The constraints narrow the search space before you write a line. num is bounded by -10^5 to 10^5 — no overflow concerns. At most 5 * 10^4 calls total. That last number is the real signal: if you have up to fifty thousand operations and findMedian is called frequently, a solution that sorts the whole array on every query will burn O(n log n) per call and degrade badly. You need something where the cost-per-operation stays bounded as n grows.
The problem
Design a class MedianFinder that supports two operations: addNum(num) adds an integer from a data stream, and findMedian() returns the median of all integers added so far — where the median is the middle value for odd counts, or the average of the two middle values for even counts. Full statement: LeetCode 295.
Constraints:
- -10^5 <= num <= 10^5
- There will be at least one element in the data structure before calling findMedian.
- At most 5 * 10^4 calls will be made to addNum and findMedian.Approach 1: sort on every query
The simplest possible design: collect all numbers in a plain list, sort the list inside findMedian, and read off the middle. No invariant to maintain between calls.
class MedianFinder:
def __init__(self):
self.nums = []
def addNum(self, num: int) -> None:
self.nums.append(num)
def findMedian(self) -> float:
self.nums.sort()
n = len(self.nums)
if n % 2 == 1:
return float(self.nums[n // 2])
return (self.nums[n // 2 - 1] + self.nums[n // 2]) / 2.0public class MedianFinder {
private List<int> nums;
public MedianFinder() {
nums = new List<int>();
}
public void AddNum(int num) {
nums.Add(num);
}
public double FindMedian() {
nums.Sort();
int n = nums.Count;
if (n % 2 == 1) return (double)nums[n / 2];
return (nums[n / 2 - 1] + nums[n / 2]) / 2.0;
}
}addNum is O(1). findMedian is O(n log n) — Python's Timsort, C#'s introsort, both O(n log n) worst case. Space is O(n).
The problem with this is that every call to findMedian re-sorts work already done. You gain nothing from the previous sort. If findMedian is called after every insertion, you end up spending O(n log n) per call and O(n² log n) total for n insertions. With n = 5 * 10^4, that is around 25 billion operations in the worst case — well beyond what will pass in time.
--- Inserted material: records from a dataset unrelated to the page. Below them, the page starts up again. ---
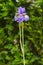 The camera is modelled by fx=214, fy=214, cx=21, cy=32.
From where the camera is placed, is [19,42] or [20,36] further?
[19,42]

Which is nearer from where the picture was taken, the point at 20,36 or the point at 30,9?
the point at 20,36

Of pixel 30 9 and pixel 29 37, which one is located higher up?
pixel 30 9

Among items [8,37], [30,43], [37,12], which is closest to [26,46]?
[30,43]

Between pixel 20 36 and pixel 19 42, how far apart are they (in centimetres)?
14

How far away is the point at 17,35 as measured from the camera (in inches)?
73.2

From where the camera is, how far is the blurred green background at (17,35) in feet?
5.91

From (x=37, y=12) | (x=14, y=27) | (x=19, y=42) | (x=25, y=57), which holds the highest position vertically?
(x=37, y=12)

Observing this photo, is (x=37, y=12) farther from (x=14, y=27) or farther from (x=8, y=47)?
(x=8, y=47)

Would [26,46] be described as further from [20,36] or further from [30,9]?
[30,9]

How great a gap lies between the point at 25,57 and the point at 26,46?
93 mm

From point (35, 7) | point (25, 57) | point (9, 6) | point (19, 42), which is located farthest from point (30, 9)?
point (25, 57)

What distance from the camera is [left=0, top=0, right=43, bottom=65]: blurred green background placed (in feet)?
5.91

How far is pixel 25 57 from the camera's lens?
1.80 m

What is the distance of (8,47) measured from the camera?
6.01ft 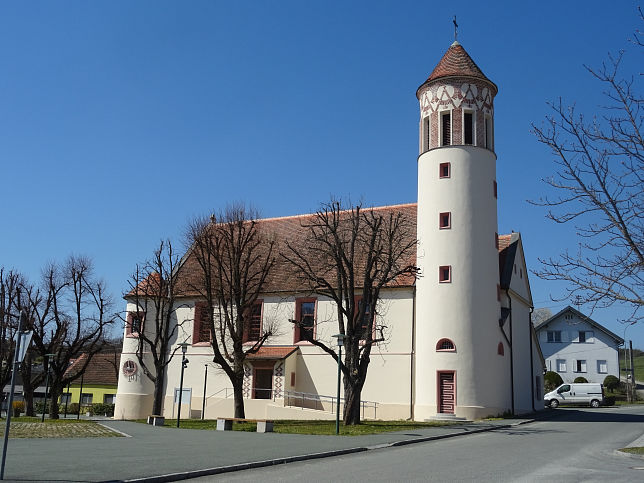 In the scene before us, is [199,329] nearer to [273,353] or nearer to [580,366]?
[273,353]

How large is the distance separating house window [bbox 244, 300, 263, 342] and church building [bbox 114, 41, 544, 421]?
8 centimetres

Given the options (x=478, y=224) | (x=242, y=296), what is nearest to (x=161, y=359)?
(x=242, y=296)

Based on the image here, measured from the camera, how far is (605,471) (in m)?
13.8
Approach 2: maintain a sorted list, insert in position
The obvious fix: keep the list sorted at all times. Then findMedian is O(1) — just index the middle — and the sort cost moves entirely to addNum.
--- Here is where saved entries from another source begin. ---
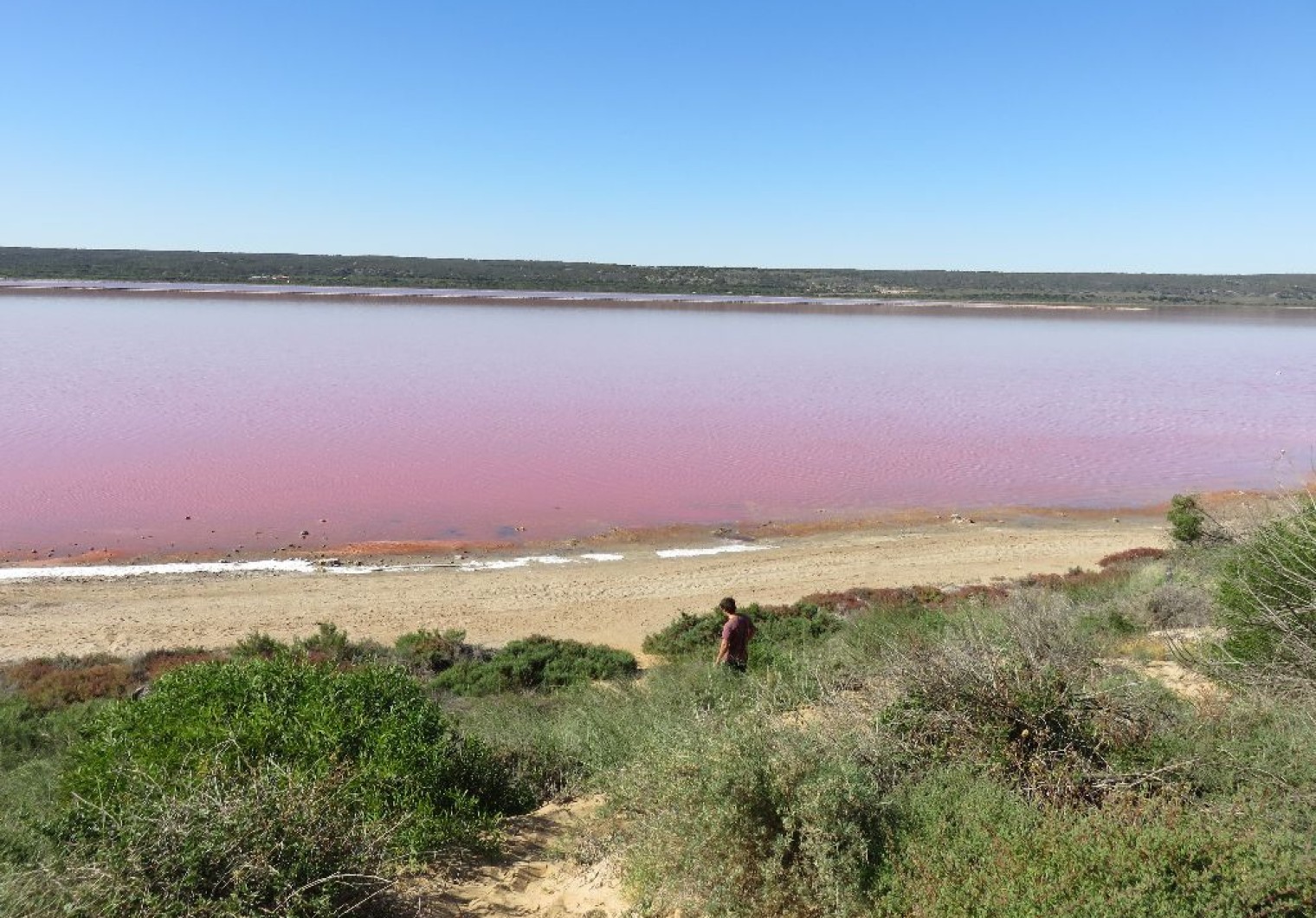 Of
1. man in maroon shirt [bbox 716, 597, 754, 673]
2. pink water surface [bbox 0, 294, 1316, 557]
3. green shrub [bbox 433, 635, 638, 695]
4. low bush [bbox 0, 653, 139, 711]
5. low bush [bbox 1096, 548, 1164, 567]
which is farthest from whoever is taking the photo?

Binary search finds the correct insertion index in O(log n). The actual array shift after insertion costs O(n) because everything to the right must move. You trade an O(n log n) findMedian for an O(n) addNum, which is better when queries outnumber insertions but still linear per insert.
import bisect
class MedianFinder:
def __init__(self):
self.nums = []
def addNum(self, num: int) -> None:
bisect.insort(self.nums, num)
def findMedian(self) -> float:
n = len(self.nums)
if n % 2 == 1:
return float(self.nums[n // 2])
return (self.nums[n // 2 - 1] + self.nums[n // 2]) / 2.0public class MedianFinder {
private List<int> nums;
public MedianFinder() {
nums = new List<int>();
}
public void AddNum(int num) {
// Binary search for insertion point, then insert to maintain sorted order
int lo = 0, hi = nums.Count;
while (lo < hi) {
int mid = lo + (hi - lo) / 2;
if (nums[mid] < num) lo = mid + 1;
else hi = mid;
}
nums.Insert(lo, num);
}
public double FindMedian() {
int n = nums.Count;
if (n % 2 == 1) return (double)nums[n / 2];
return (nums[n / 2 - 1] + nums[n / 2]) / 2.0;
}
}addNum: O(n) — O(log n) search, O(n) shift. findMedian: O(1). Space: O(n).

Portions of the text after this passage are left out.